Потом, уже накануне выписки из госпиталя, Легостаев пытался понять, почему не поездка к сыну на заставу, не фронт и даже не само ранение вызвали у него столь яростное желание снова взяться за кисть, а вот эта беспомощная, жалкая и страдальческая фигура Достоевского, стоящего в кандалах в метельной ночи. И наконец-то нашел ответ в простой, до невероятности простой мысли: он увидел в нем, Достоевском, то страдание, которое испытал сам. И удивительно: Достоевский вызывал в нем не жалость, а жажду творчества; что-то неизмеримо более сильное, властное и победное, чем страдание, увидел в этой страшной картине Легостаев.

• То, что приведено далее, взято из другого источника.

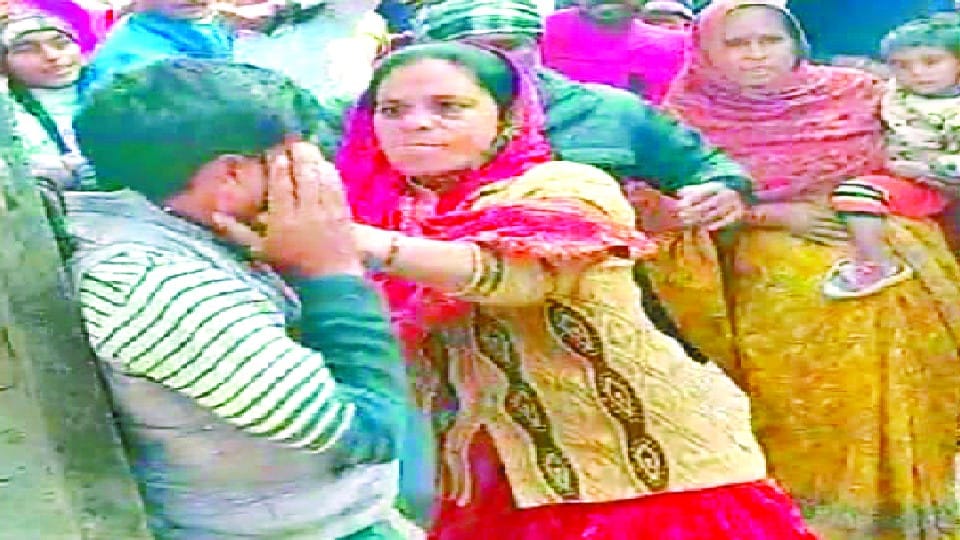 Villagers attacked electricians two linemen injured in Agra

Да, потом, после этой картины, он, Легостаев, создаст многое — будут и самолеты в небе Испании, и батарея на окраине Ясной Поляны, и прощание с сыном неподалеку от заставы — все это будет, а сейчас, когда снимут повязку и если хоть чуточку смогут различать краски глаза, — будут слезы Федора Достоевского — слезы России. Слезы, текущие из глаз человека, который и плачет и верит, и у слез этих что-то схожее с тем, как в голос кричат русские бабы, провожая мужей на фронт, как оплакивают и долго еще будут оплакивать погибших вдовы, как стонут раненые, как плачут дети, потерявшие матерей… Да, его, Легостаева, личное страдание и вера сольются на этом полотне со страданием и верой народа в суровый и беспощадный час войны!

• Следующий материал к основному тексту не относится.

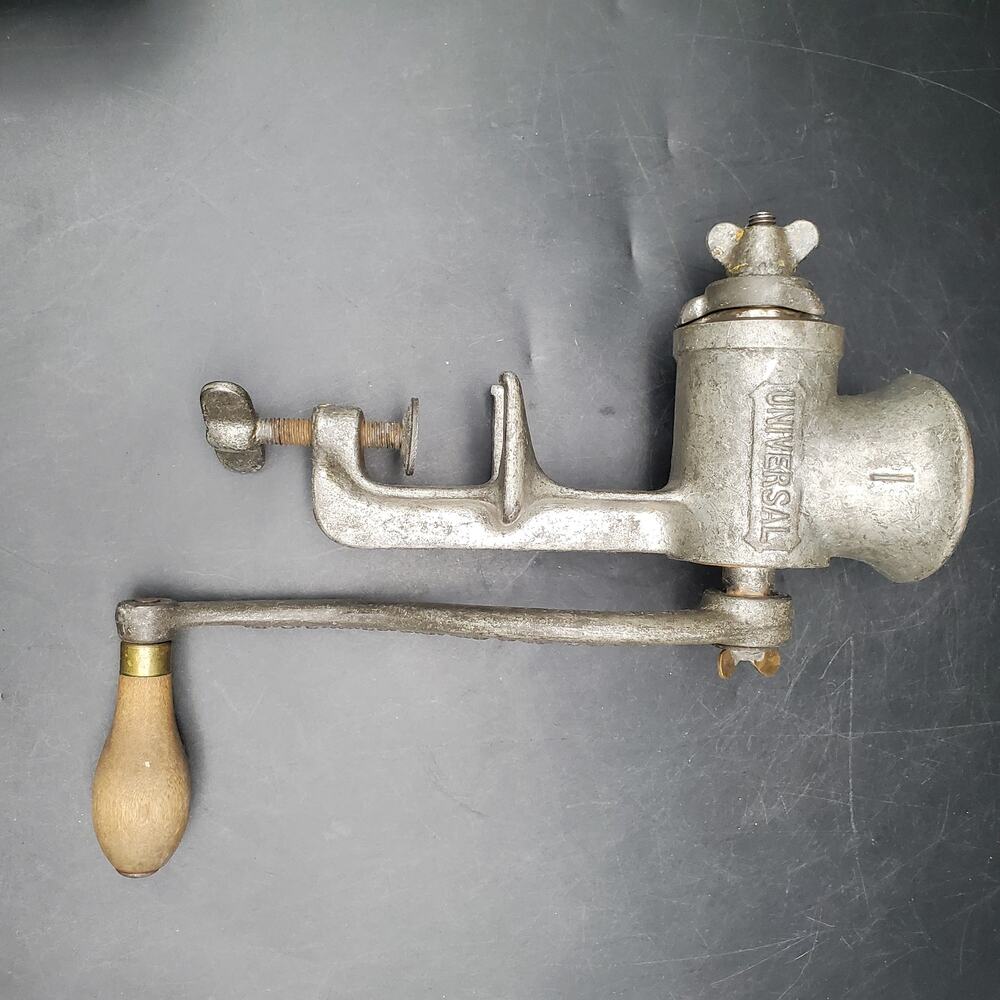 Vintage Universal No 1 Meat Grinder LF&C New Britain CT Hand Crank Table Clamp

Легостаев надолго сохранил в себе чувство благодарности к Тосе за то, что она, сама того не ведая и ни о чем не догадываясь, взяла из библиотеки первую же предложенную ей книгу, начала ее читать и открыла ему ту страничку, которая своей беспощадностью возвращала его к творчеству.
Ему до самозабвения захотелось рисовать, пусть карандашом, пусть на клочке бумаги. Предчувствие страха от того, что он давно не брал в руки карандаш и уже ничего не сможет создать, долго держал его в своих цепях, но он отважился. Тося послушно принесла ему шершавый листок газетной бумаги, который она долго берегла для письма брату на фронт, и Легостаев, ощутив в пальцах бумагу и огрызок карандаша, понял, что, если бы в этот миг с него сняли повязку и в глаза плеснуло бы зимнее, неяркое солнце, он создал бы на этом клочке бумаги вот этим огрызком карандаша такое чудо, какого еще не создавал.